Klar ist, dass man dann auch die ganzen Anschlüsse in München neu ordnen müsste. So würden alle derzeitigen Fahrzeiten Richtung Österreich (Wien, Graz/Klagenfurt und Innsbruck) verpasst.
Ich denke, so ein "großer" Umbruch kommt hier erst mit der NBS Stuttgart - Ulm
Ciao,
Uli
Diskussion: L60 Stuttgart-Passau via Augsburg?

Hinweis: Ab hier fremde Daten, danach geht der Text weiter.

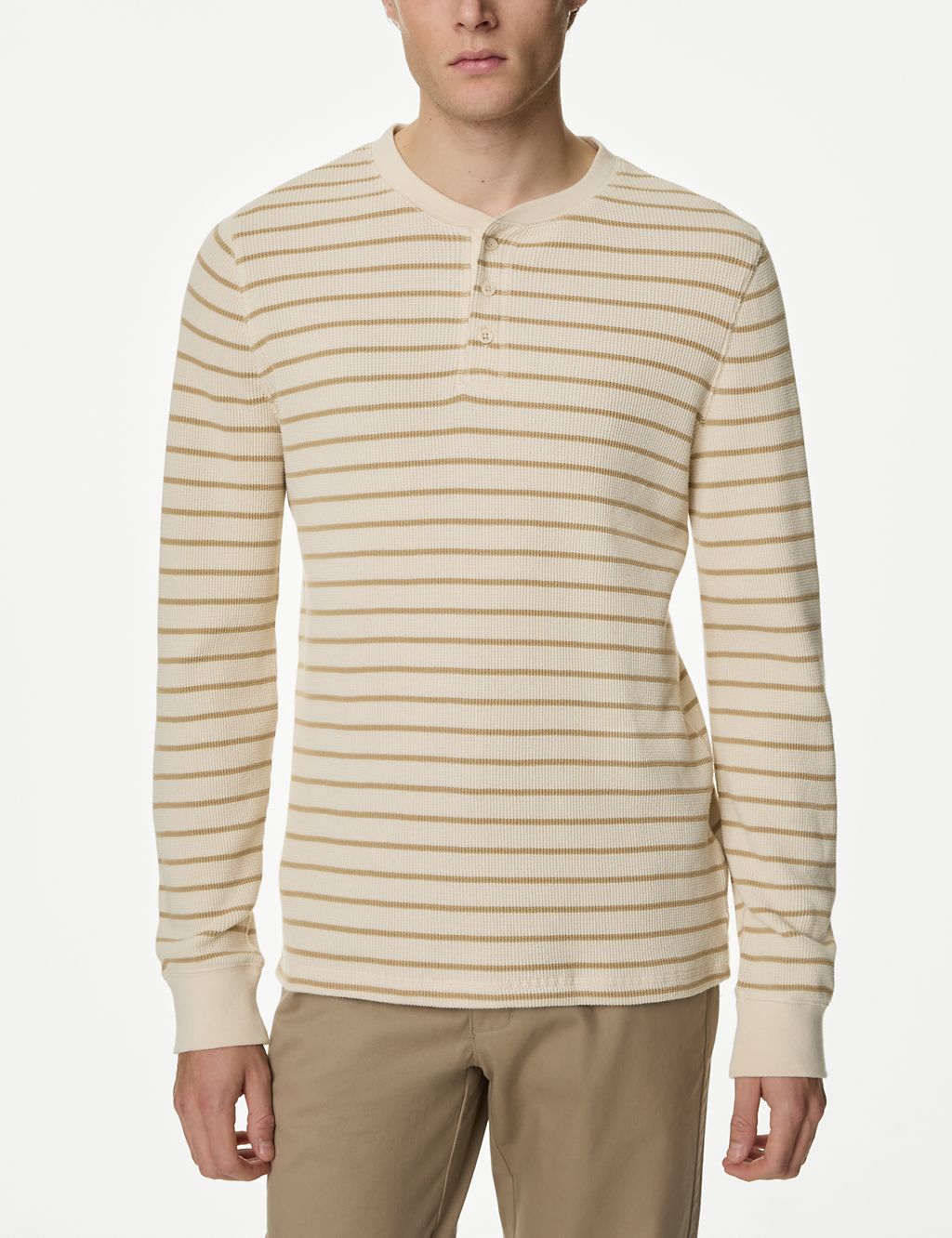 Pure Cotton Striped Waffle Henley T Shirt 3 of 5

naseweiß, Samstag, 26.01.2013, 20:21 (vor 4818 Tagen) @ lokuloi
Die Abfahrtszeiten wird man aber in Mannheim nicht ändern wollen. Wenn ich das richtig sehe sind die seit 1991 weitgehend stabil. Ich weiß auch nicht, inwieweit die nördlich Mannheims überhaupt flexibel sind.
Als Frankfurter betrachtete ich gerade das, was nördlich von Mannheim ist, als erstes.
Hannover(00/30) -35- Göttingen(05-35>/<55-25) -25- Kassel(00/30) -30- Fulda(00/30) -55- Frankfurt(55-25>/<05-55) -40- Mannheim(05-35>/<55-25) -25- Karlsruhe(00/30) -30- Offenburg(00/30) -30- Freiburg(00/30) -60 Basel-SBB(00/30)
Das wäre so die Nord-Süd-Achse eines 30-min-Takts aus L20/22 und L11/12 (dazu L25 und L42/43 usw.) durch Frankfurt-Mannheim, bisschen Strecken, bisschen Stauchen.
Ohne "Not", d.h. ohne Neubaustrecken, wird man das nicht ändern.
Das stimmt, es ist eine Spielerei.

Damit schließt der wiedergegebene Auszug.